Erdős’ method for determining the irrationality of products. (English) Zbl 1242.11050

The main result of the paper is the following: Let \(\varepsilon\) be a positive real number. Let \(\{a_n\}^\infty_{n=1}\) and \(\{b_n\}^\infty_{n=1}\) be two sequences of positive integers. Assume \(\{a_n\}^\infty_{n=1}\) is nondecreasing and \[ \limsup_{n\to\infty} a^{1/2^n}_n= \infty. \] Assume that for all sufficiently large \(n\) \[ n^{1+\varepsilon}\leq a_n\quad\text{and}\quad b_n\leq a^{1/\log^{1+\varepsilon}\log a_n}. \] Then the number \(x=\prod^\infty_{n=1} (1+(b_n/a_n))\) is irrational.
For the proof assume that \(x={p\over q}\), \((p, q)\in\mathbb{Z}^+\times \mathbb{Z}^+\).

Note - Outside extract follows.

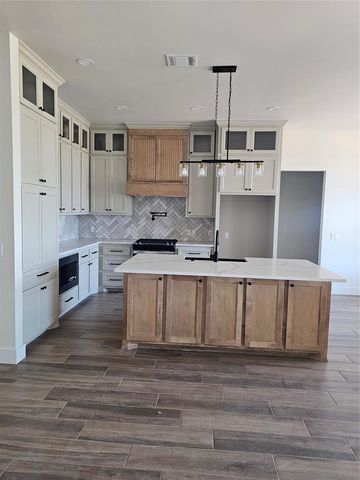 1169 Wolf Creek Drive, Blanchard, OK 73010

Than for each \((P, Q)\in\mathbb{Z}^+\times \mathbb{Z}^+\) one has \[ \Biggl| qQ\Biggl(x-{P\over Q}\Biggr)\Biggr|= |pQ- Pq| \] and now one can derive in several steps and with some ability the contradiction that there exists \[ a(P, Q)\quad\text{with}\quad 0< |pQ- Pq|< 1. \] A direct application is the following result:
Let \(\{a_n\}^\infty_{n=1}\) be an increasing sequence of positive integers such that \(\lim_{n\to\infty} a^{1/2^n}_n= \infty\).
Then the number \(\prod^\infty_{n=1} (1+ 1/a_n)^{n\to\infty}\) is irrational.
In the introduction some links are given to results connected with similar infinite products and some hints are given to some papers of Erdős.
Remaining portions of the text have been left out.